Dass Eötvös sein Werk der Elbphilharmonie auf den Leib komponiert hat, verleugnete auch die Kölner Zweitaufführung des Stücks nicht. Schon wegen der großen Orgel der Bonner Firma Klais, die nicht nur Soloinstrument seines Stücks „Multiversum“ ist, sondern auch wegen der Hamburger Hausorganistin Iveta Apkalna, die auch die weiteren Aufführungen auf der Tour spielt. In Köln kann die auf einen vielschichtigen Raumklang hin abzielende Uraufführungssituation freilich noch gut rekonstruiert werden, besser jedenfalls als in klassischen „Schuhkarton“-Sälen, wie es das Concertgebouw in Amsterdam ist, wo sie das Stück einstudiert haben und wo es dann in der kommenden Woche zu erleben sein wird. Und auch in Köln kann Apkalna eine Klais-Orgel spielen, die – wie in Hamburg – über einen mobilen Spieltisch verfügt, der sich vors Orchester schieben lässt.

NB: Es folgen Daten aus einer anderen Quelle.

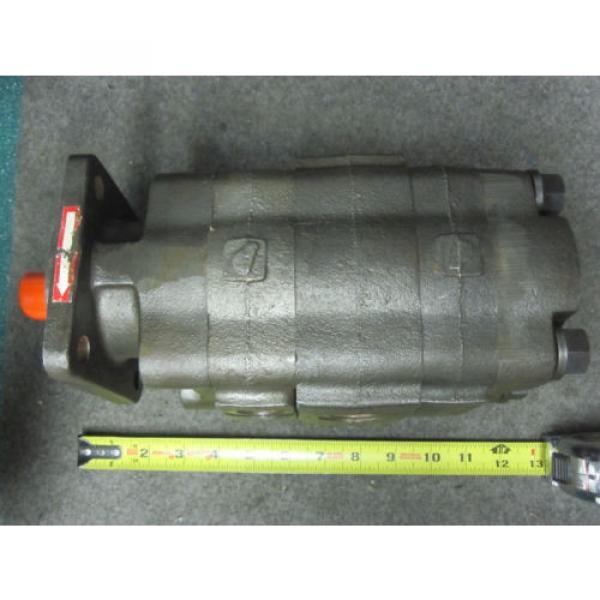 NEW PERMCO HYDRAULIC # 5062206 Pump #1 image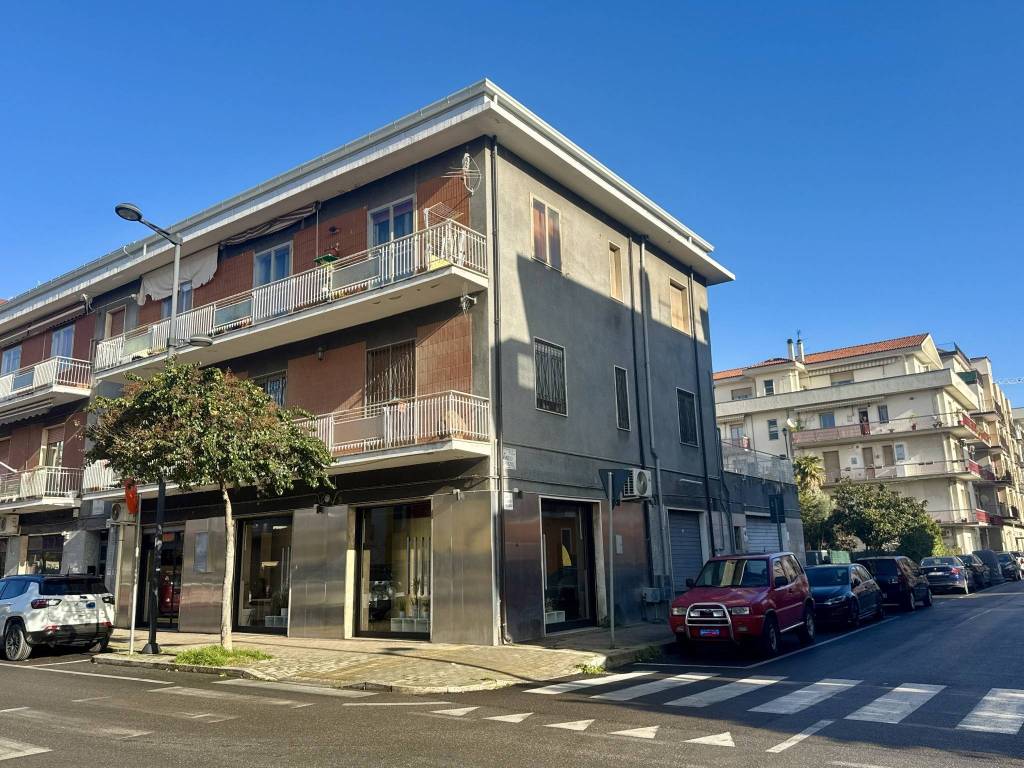 Appartamento a Pescara in Via Francesco Ferdinando d'Avalos, 125 - Foto 4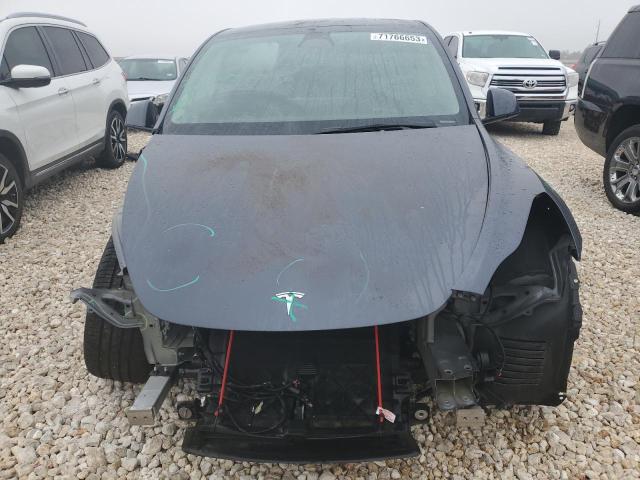 7SAYGDEE0PA023929 Tesla Model Y  5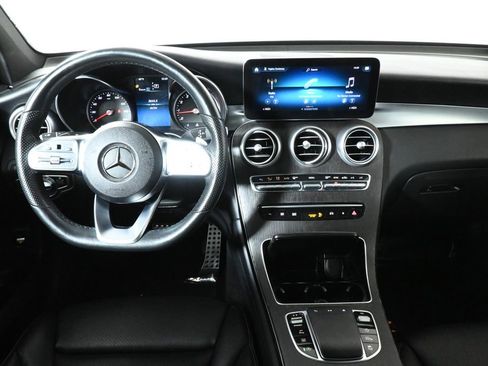 Used 2022 Mercedes-Benz GLC 300 4MATIC image 17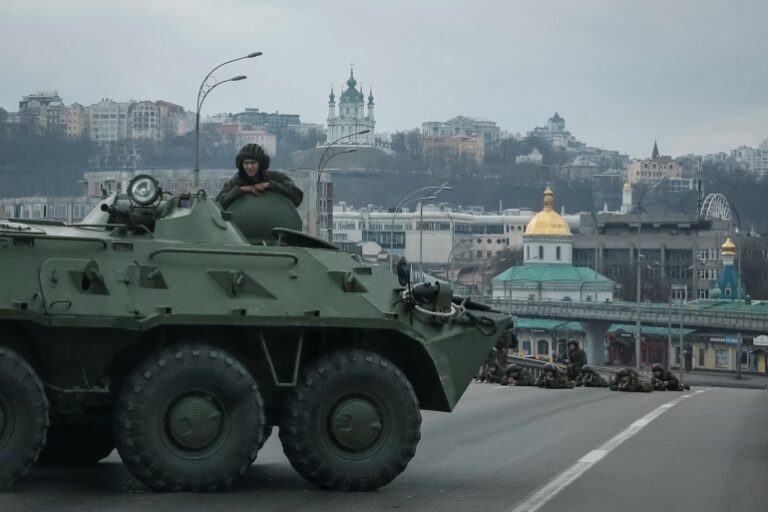 2022-02-25T101930Z_229950772_RC2WQS9DQ2I8_RTRMADP_3_UKRAINE-CRISIS-KYIV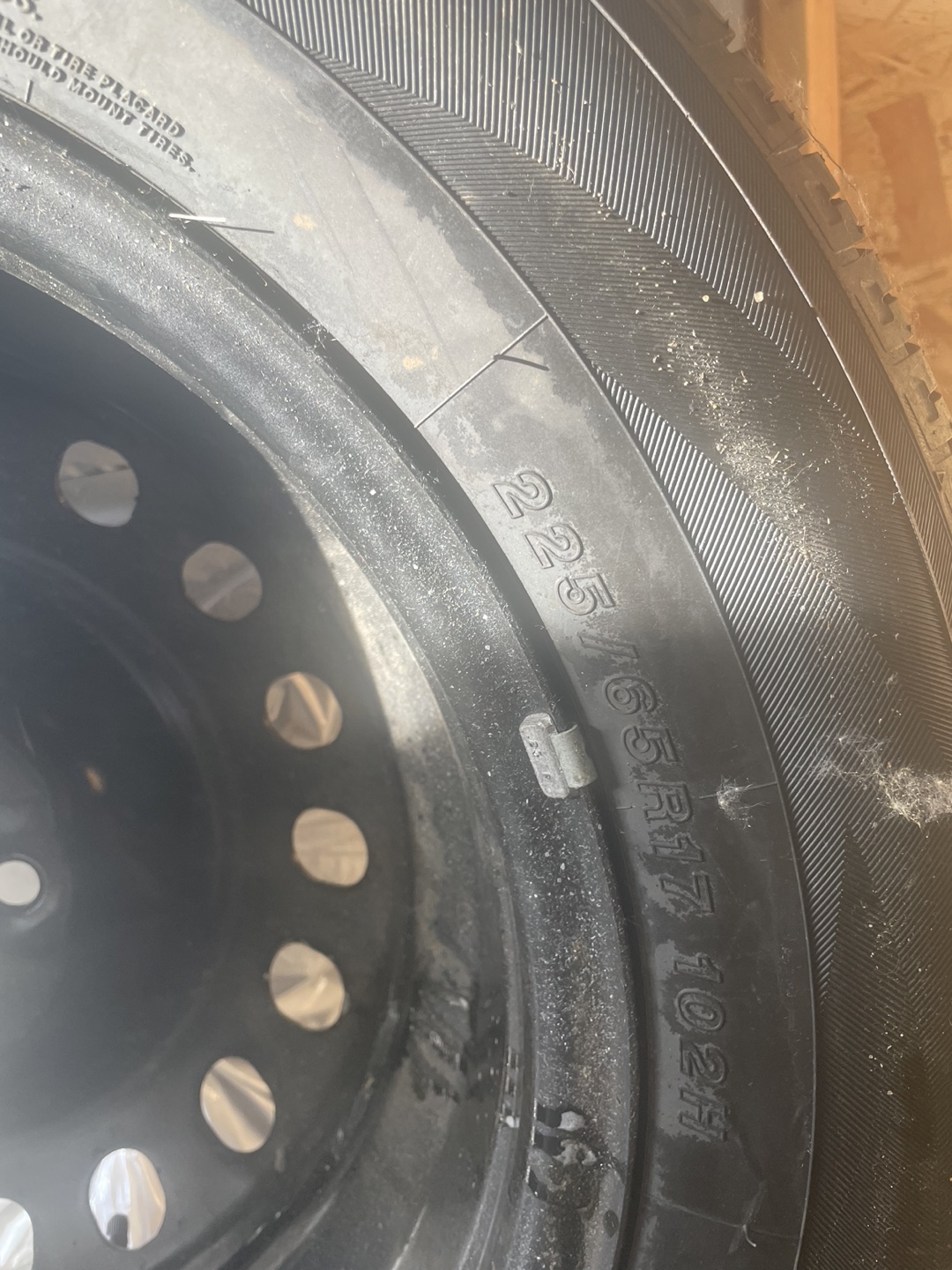 Yokohama Geo lander 225/65/R17 1 spare tire - photo 3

Eötvös stellt dem Klang der Pfeifenorgel noch den einer (von László Fassang gespielten) Hammond-Orgel gegenüber, deren elektrisch verstärkte Töne aus im Raum verteilten Lautsprechern dringen. Auch im Orchester spielt Eötvös mit dem Raum, hat die Streicher komplett nach links verlagert, die Holzbläser sitzen alle rechts, dazwischen das Blech und an der Rückwand verteilt eine riesige Schlagwerkbatterie.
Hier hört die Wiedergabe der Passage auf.